Source data:
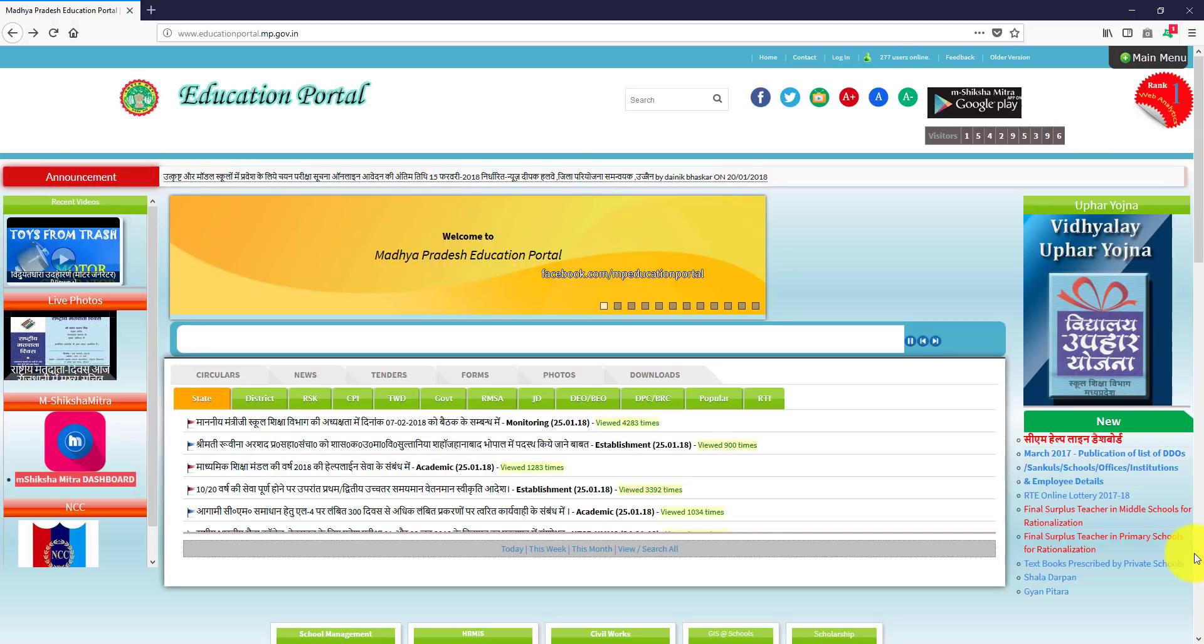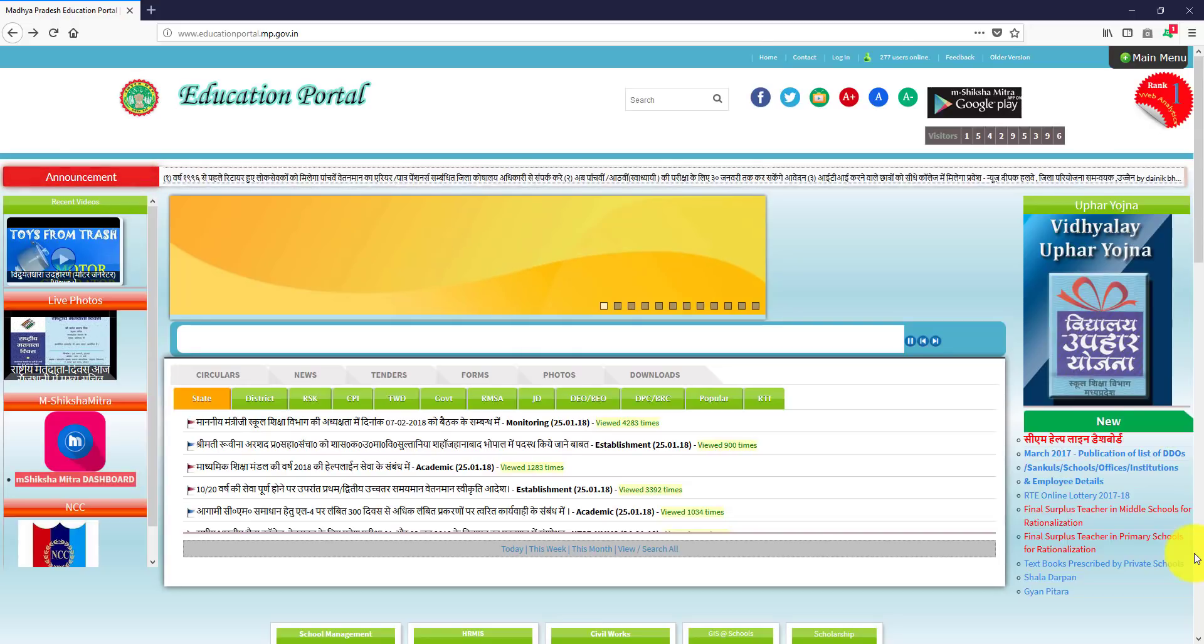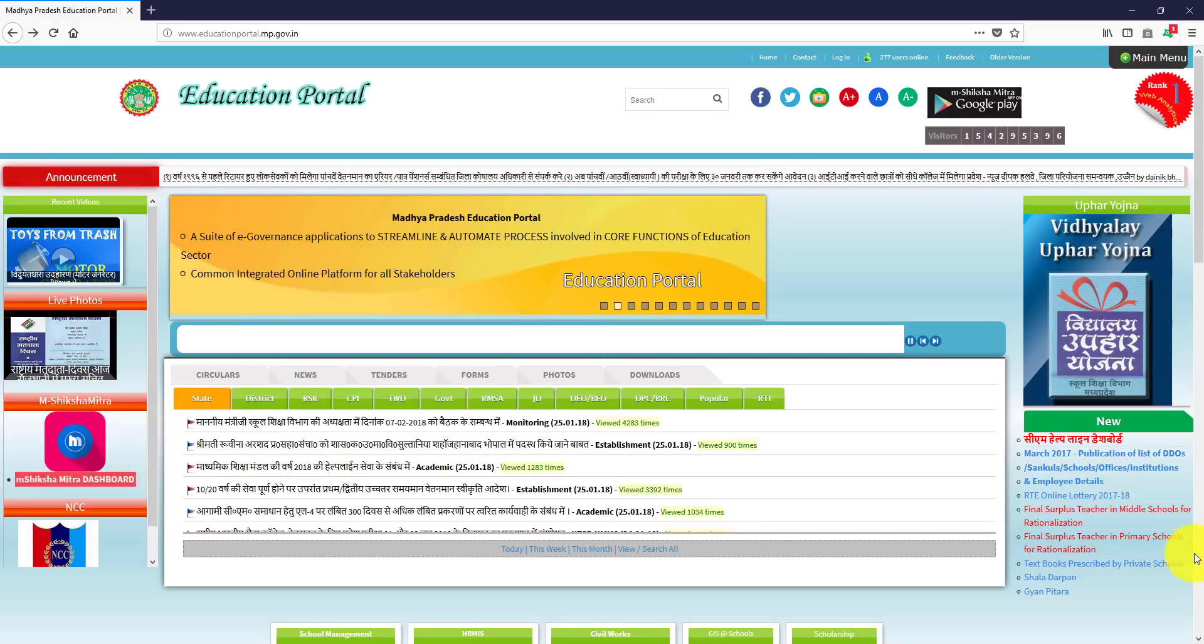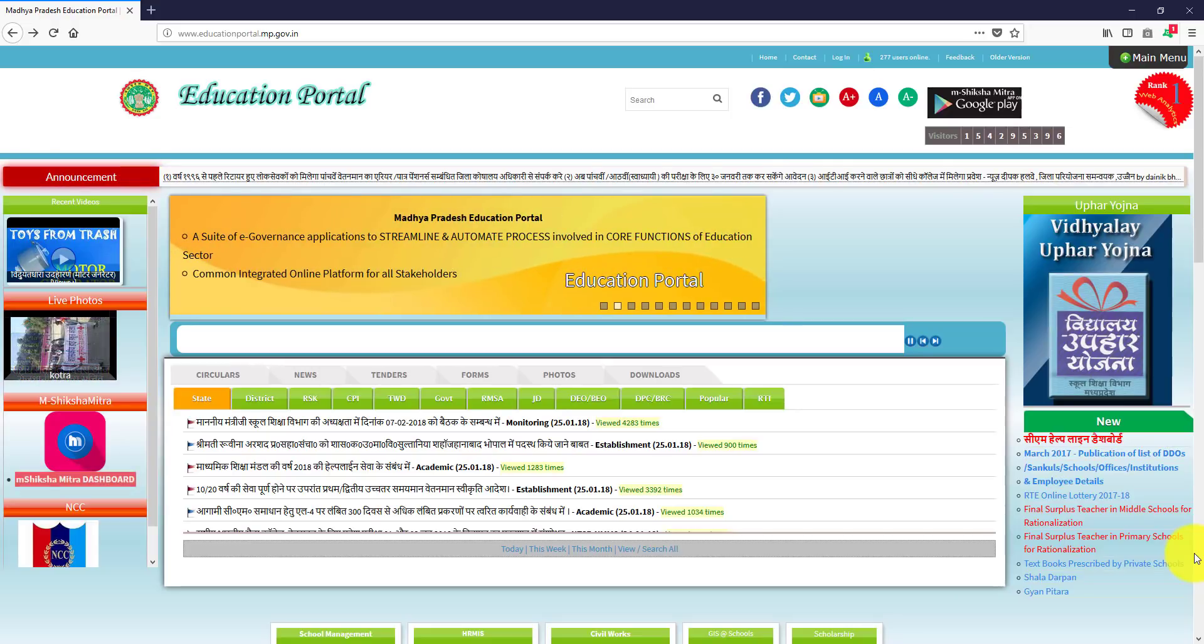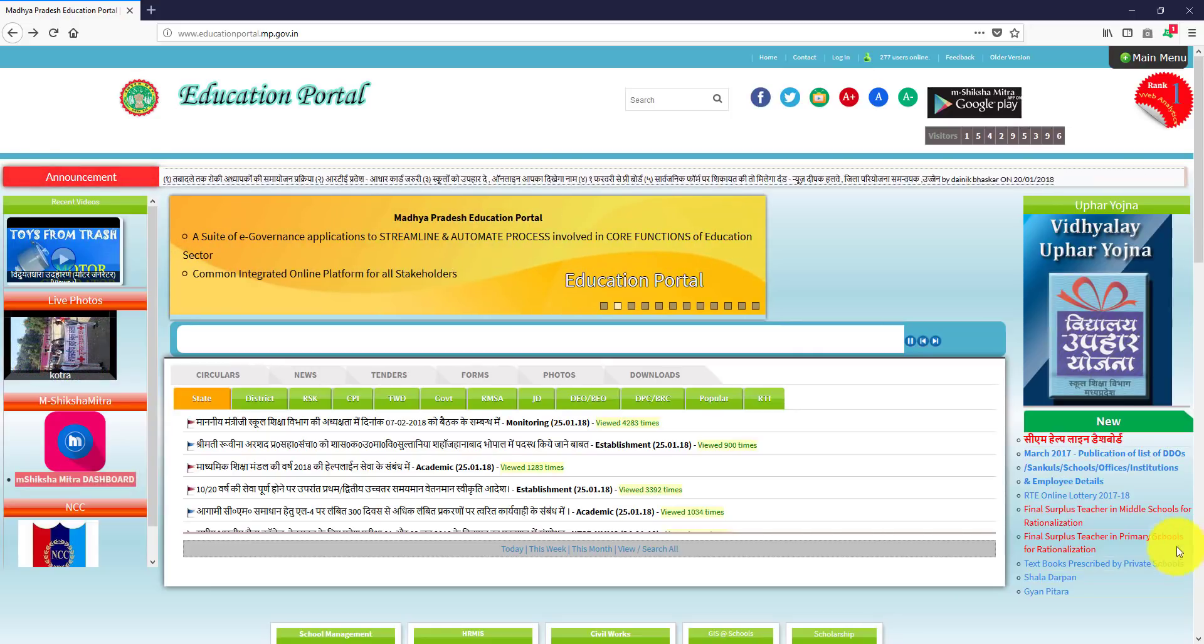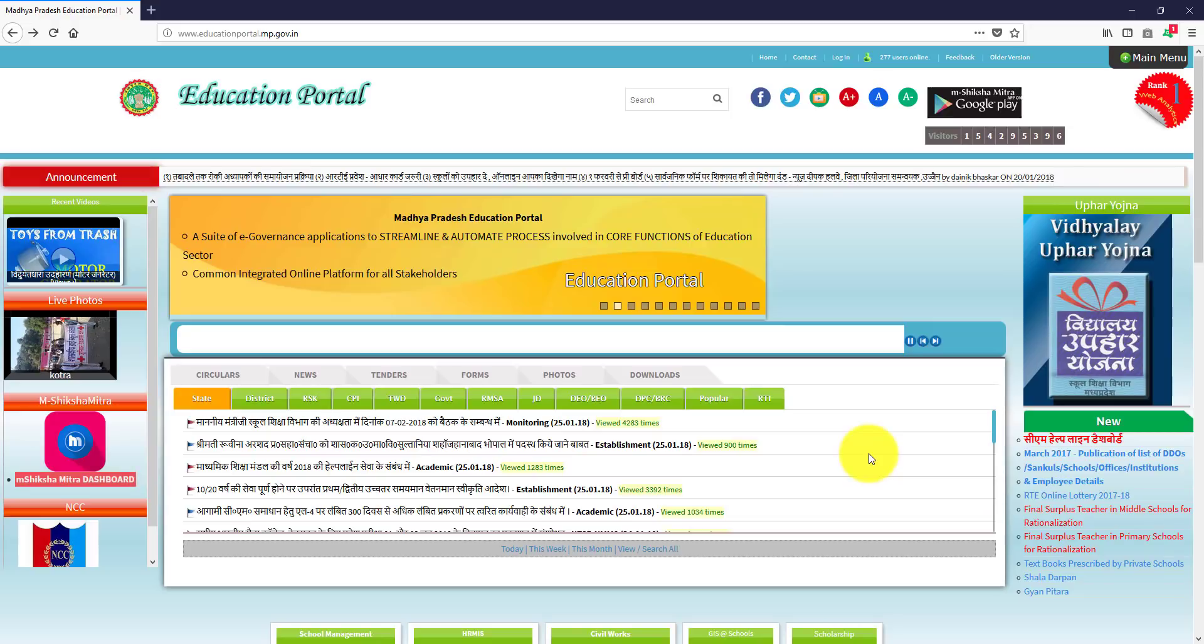How many vacancies are? First of all, you will be able to go to the MP Education Portal website.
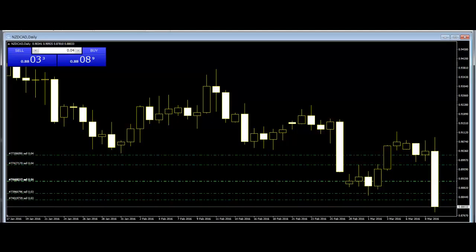Harami Cross: Harami cross is a two-day pattern similar to the Harami. The difference is that the last day is a doji.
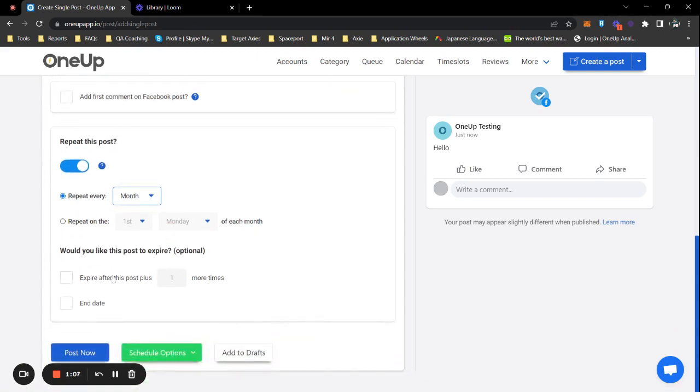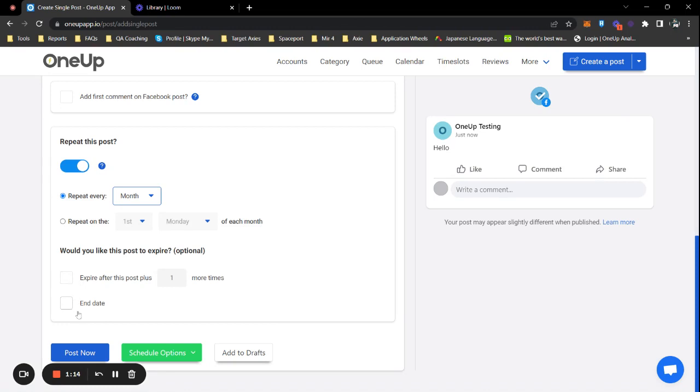I also have an option to let the post expire or put an end date to the post, but I'm not going to do that now. Once you're done, just click on post now and you should be good to go.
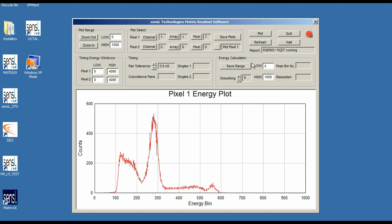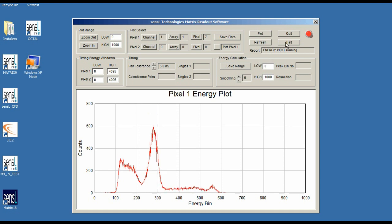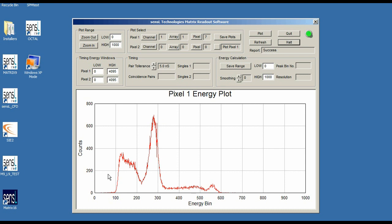I'm going to halt this graph because I'm very happy with how that looks. I'm going to select the pixel selection box here which is right beside the plot pixel 1 button.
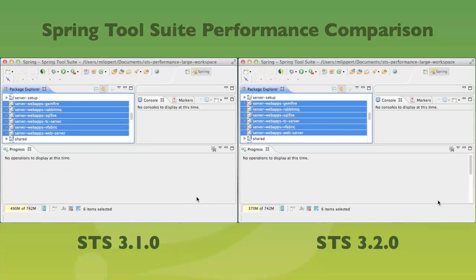Okay, so now the left side — the old version of STS — is also done. And as I see, a lot faster version. So enjoy the new release of STS.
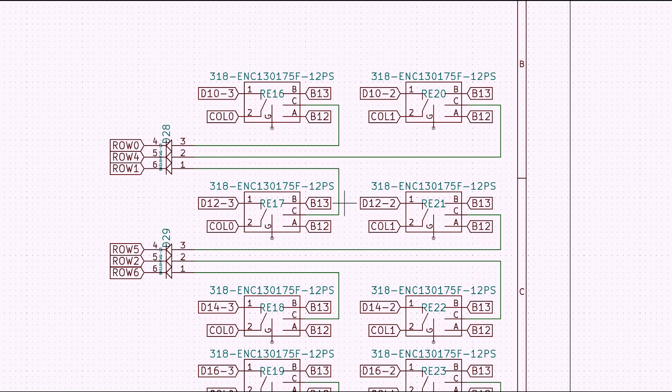This is the schematic for it. I have all the A's wired up together, all the B's wired up together, and then the C goes through a diode and then goes into each of the rows.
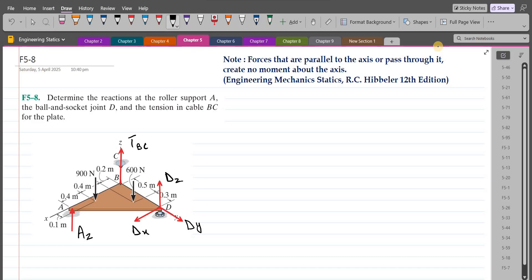Before applying the equations of equilibrium, we must consider this statement: forces that are parallel to an axis or pass through it produce no moment about that axis. We have to consider this when correctly writing the equations of equilibrium.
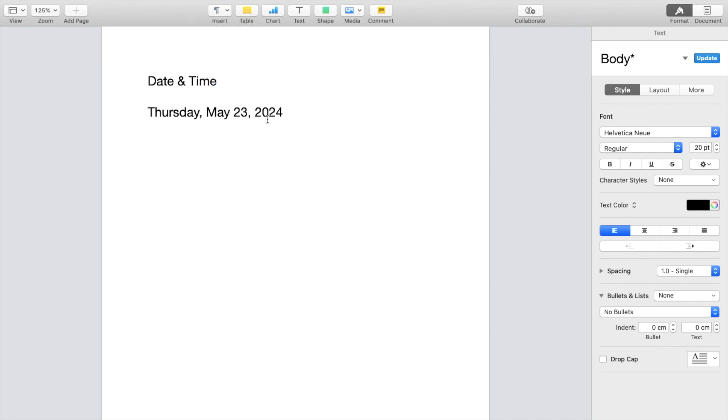And as you can tell, the date and time for me is Thursday, May 23rd, 2024. If the date is somewhere in the future, whatever the date may be, it's going to insert your current date that is set on your computer or device through the Pages application.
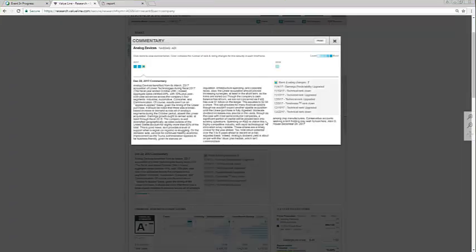I'm now going to take a look at the analyst commentary to get some information in regard to what is going on at Analog. Editorial analyst Alan House stated the following in his most recent report. Earnings growth ought to remain solid, at least through fiscal 2018. The company is well diversified geographically, as sales outside of the United States account for slightly more than 60% of the total. This is good news, as it provides a level of support when a region is struggling. On the domestic side, we look for continued healthy economic improvement, as the Trump administration appears to be business-friendly, given its stances on regulation, infrastructure spending, and corporate taxes. Also, the Linear acquisition should provide increasing synergies, at least in the short term, as the kinks are ironed out.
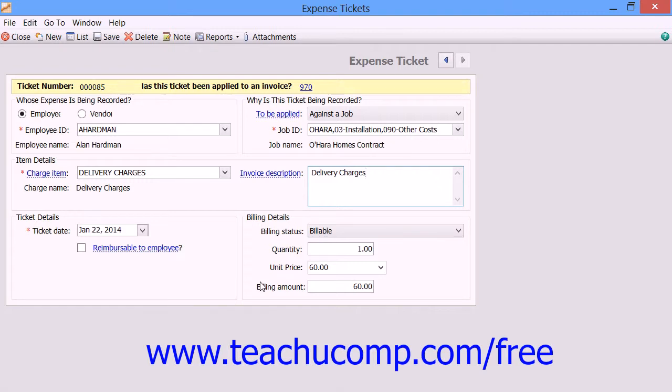To record the expense ticket, simply click the Save button in the toolbar at the top of the window when you're finished.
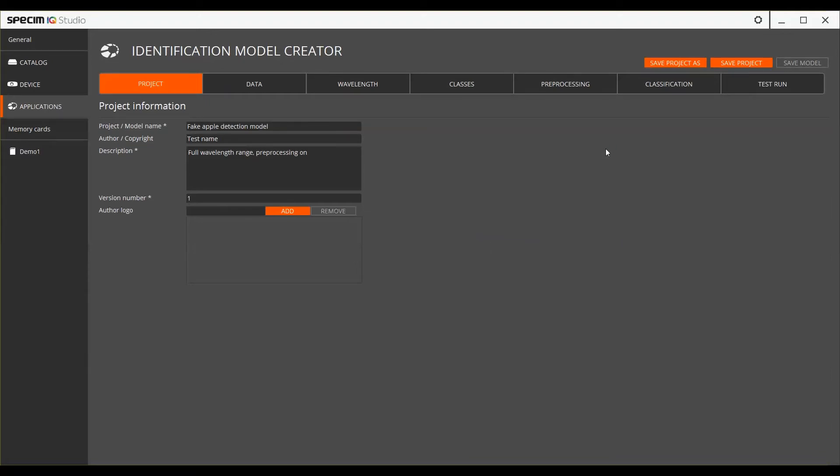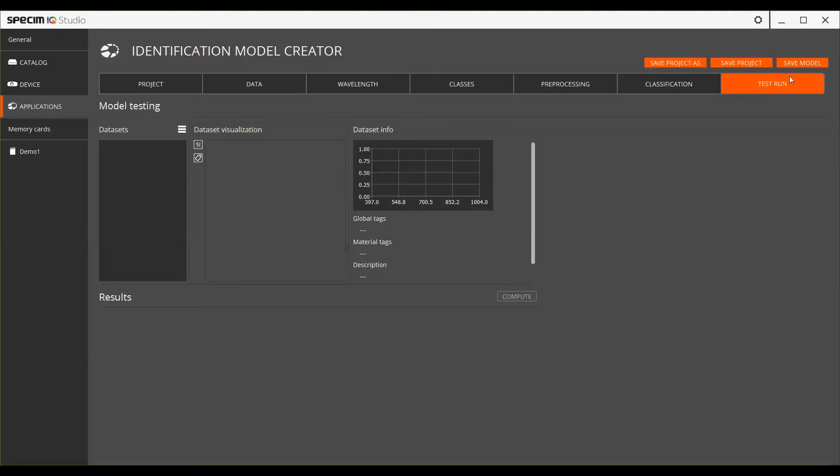This is the Identification Model Creator, the place where you can create models. The user goes through the workflow one tab at a time, starting with the Project tab and moving all the way down to the Test Run tab. This is where the model project can then be saved into an actual model.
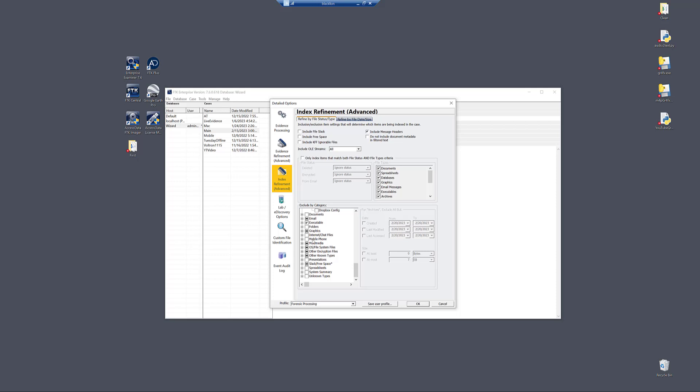But let's say there is a reason that you want to exclude something or bring something back in. Like let's say executables—there's a specific pattern here you want to search for in executables. You don't want to use the live search, you want it indexed into your case. That's fine.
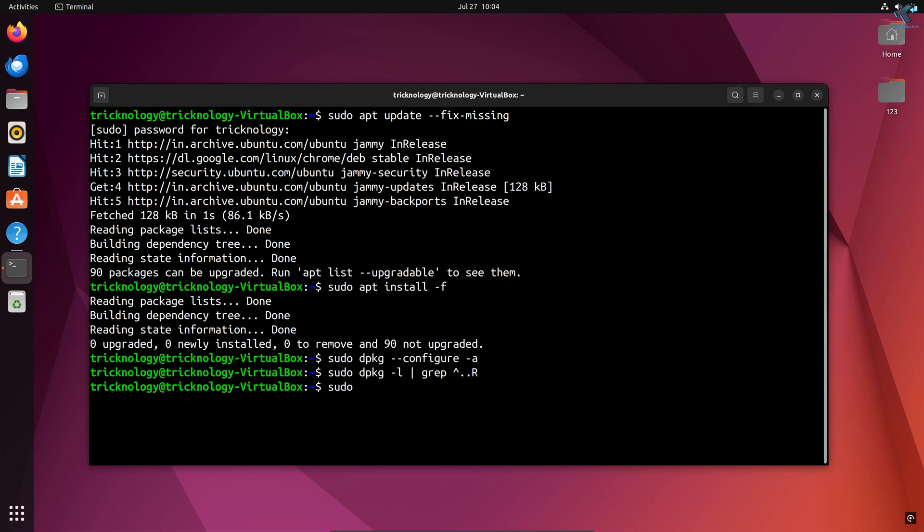After troubleshooting is done, you need to run the clean command. For that, type: sudo apt clean.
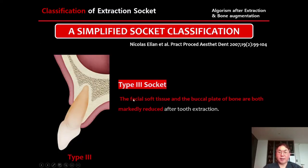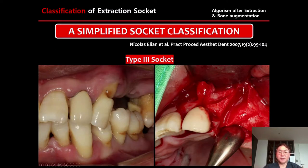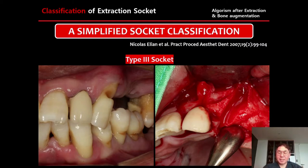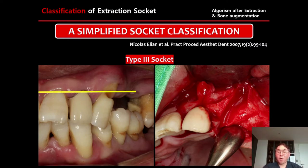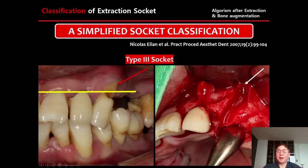Type 3 socket: both soft tissue and buccal plate of bone are markedly reduced. Here is a Type 3 extraction socket — after canine extraction, we will have a Type 3 socket due to a pre-existing buccal bone defect and buccal gingival recession. The soft tissue always follows the underlying bone, so soft tissue recession means bone recession. After flap elevation, I confirmed severe labial bone recession — very easy to identify.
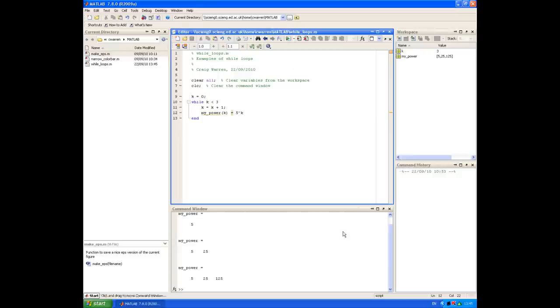And this time we get, as expected, a vector of values of the first three powers of five.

About this exercise:
Going by the data above, the answer is exactly the lines from the one holding "This is the schematic" to the one holding "Before applying the", both kept, with the pictures left out.

Solution to this task:
This is the schematic for it. I have all the A's wired up together, all the B's wired up together, and then the C goes through a diode and then goes into each of the rows.
Before applying the equations of equilibrium, we must consider this statement: forces that are parallel to an axis or pass through it produce no moment about that axis. We have to consider this when correctly writing the equations of equilibrium.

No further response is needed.